Aim of the task
Which lines run from the one with "Celine Shoulder Bag" through the end of the data? Retype them exactly, without pictures.

Dataset section

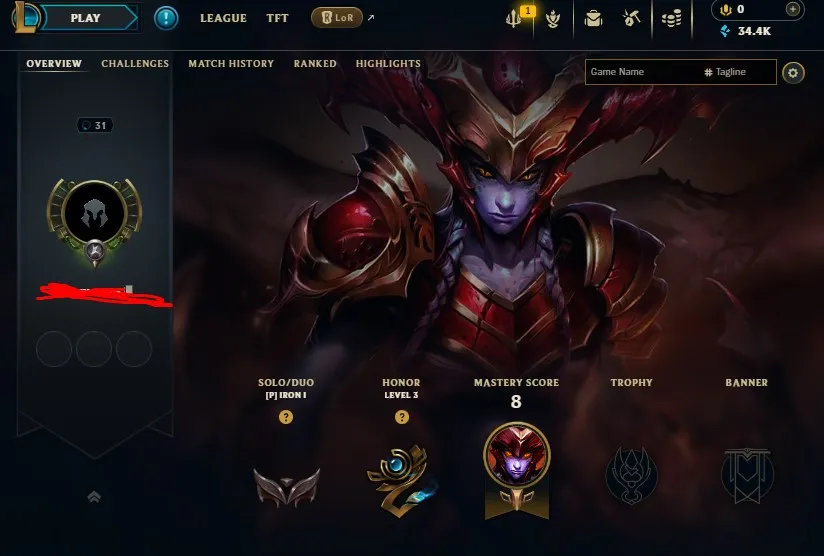 EUW High Quality Safe S14 Iron 4 S16 Iron 1 0 LP Hardstuck| BE:34400| 0% WR Low MMR | Honor lvl 3 | #31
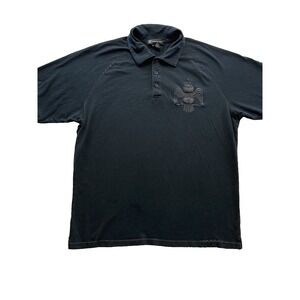 INC International Mens Polo Shirt Size Large Black Short Sleeve Casual Concert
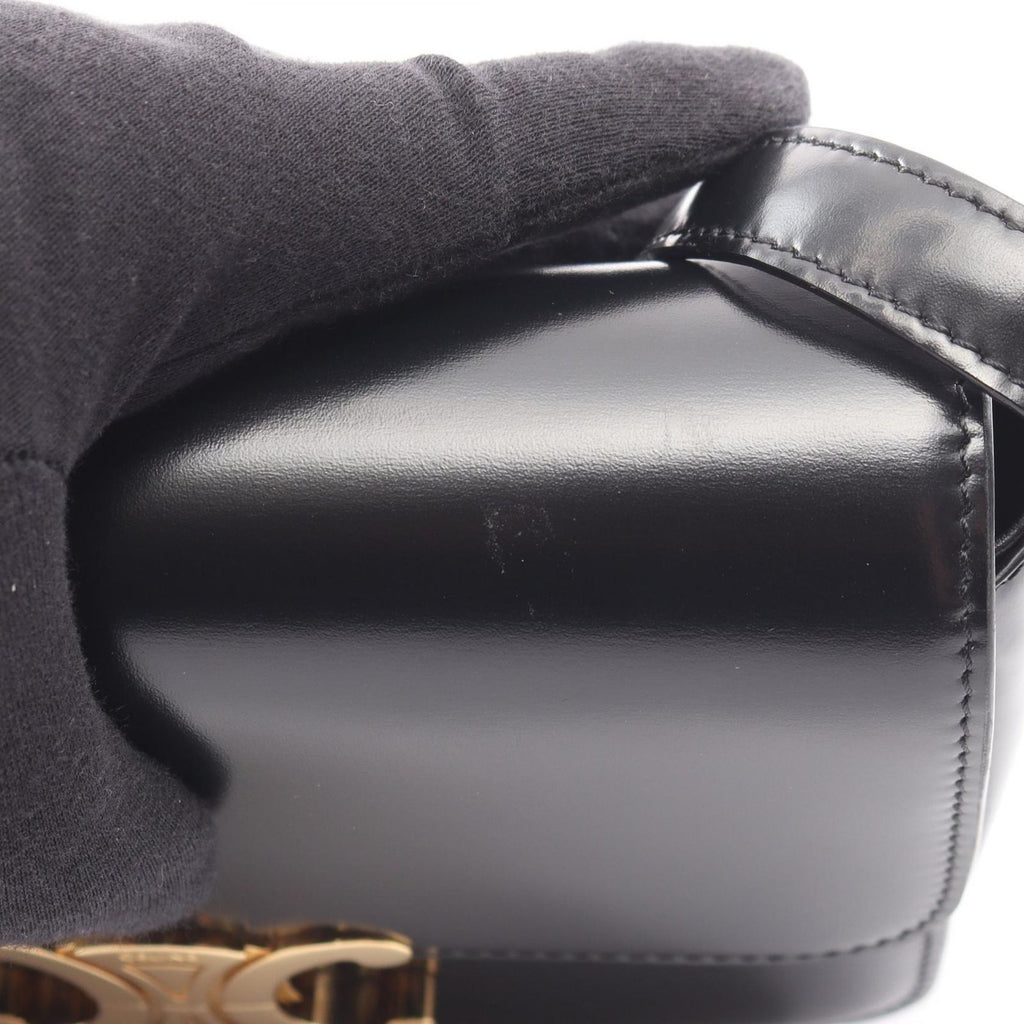 Celine Shoulder Bag Teen Triomphe Black Leather — view 7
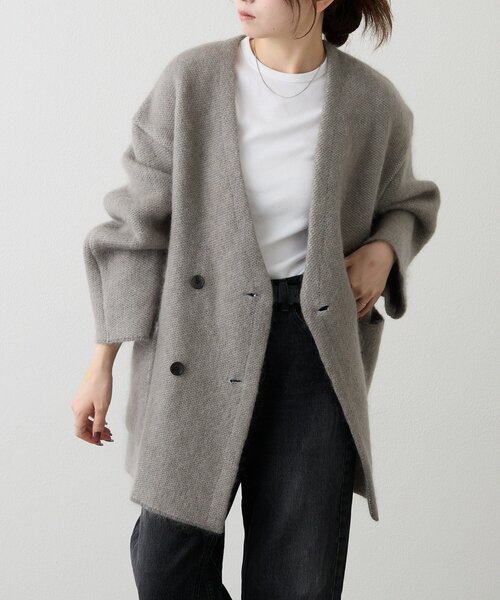 russet（ラシット）の「【再値下げ】モヘアダブルニットコート（その他アウター・レディース・ベージュ/キャメル/グレー・FREE）」の4枚目の写真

Output
 Celine Shoulder Bag Teen Triomphe Black Leather — view 7
 russet（ラシット）の「【再値下げ】モヘアダブルニットコート（その他アウター・レディース・ベージュ/キャメル/グレー・FREE）」の4枚目の写真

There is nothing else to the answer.